Difficulties, Meaning and Marginalisationin Mathematics Learning as Seen Through Children's Eyes

PH.D. UDGIVET: 2009
FORFATTER: Troels Lange

Kort beskrivelse

The thesis explores children’s lived experience of being in difficulties with learning mathematics and how their narratives might be contextualised and theorised. School mathematics education is taken to be a social practice and hence open for ethnographic and sociological research approaches. 

This has enabled me to better understand how the individual is enfolded within the social in the case of children in difficulties in learning mathematics. Their lived experiences are narrated into stories about identity and meaning. Narrative elements in the environment as well as children’s foregrounds and backgrounds are resources out of which the stories are composed. The identity narratives are of two kinds: actual and designated. It is from the gap between actual and designated identities that learning intentions and learning endeavours arise. The actions of learning, the learning acts, then become lived experiences and are themselves narrated into stories of identity and meaning.

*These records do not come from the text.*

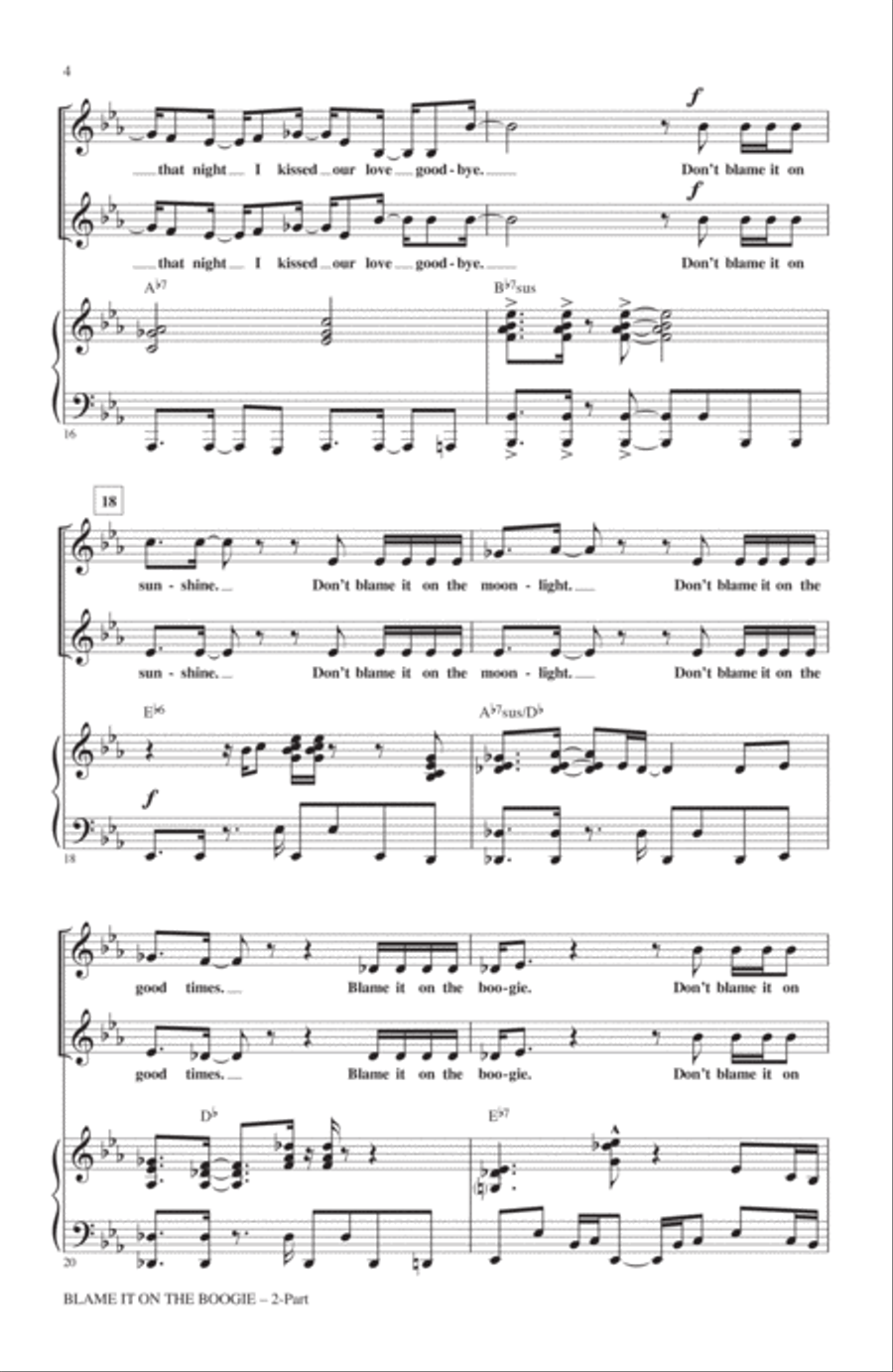 Blame It On The Boogie 2-Part scores gallery preview page 3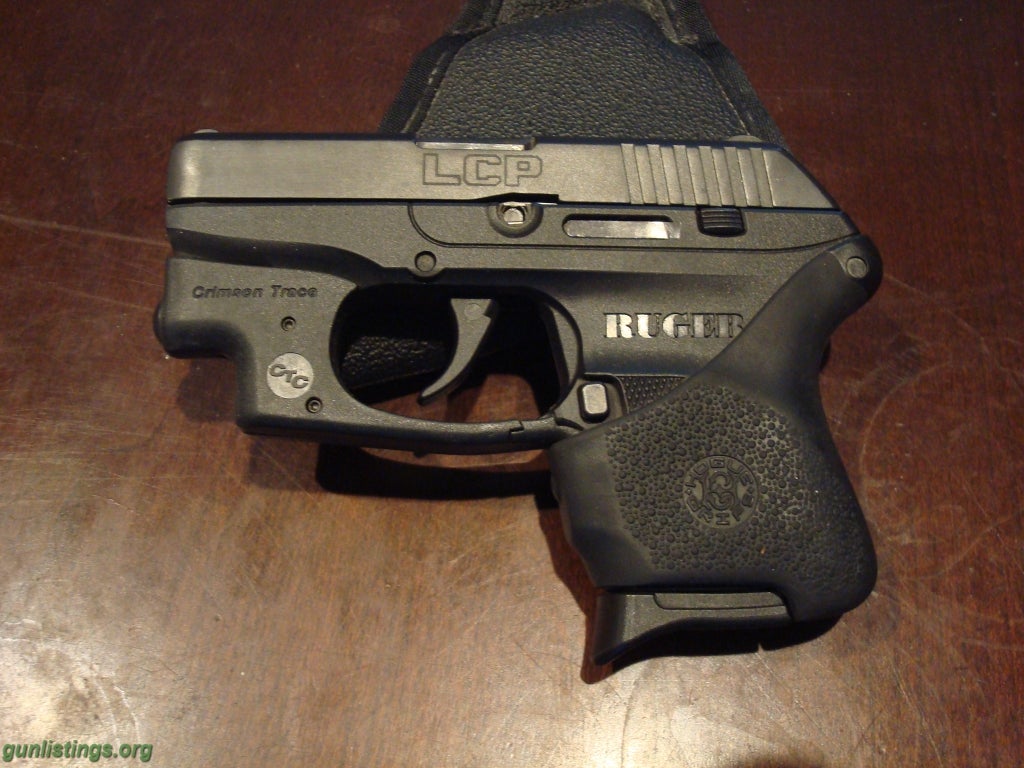 Pistols Ruger LCP W/ Crimson Trace, Ammo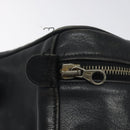 CHANEL Vanity Pouch Lamb Skin Black Gold CC Auth bs26985-14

This model is, like any other model, a simplification of a hugely complex set of interactions. However, what this model does is to provide an understanding of how changes can be made. It suggests three places to intervene to better support children who are in difficulties with learning mathematics. These concern the type of learning activities that form the lived experiences, the valorisations in the discursive field pervading mathematics education including discourses on difficulties and immigrants and their children, and the socio-political environment that children interpret as their foreground.

Empiri

Indsamlet i en 4. klasse i en folkeskole.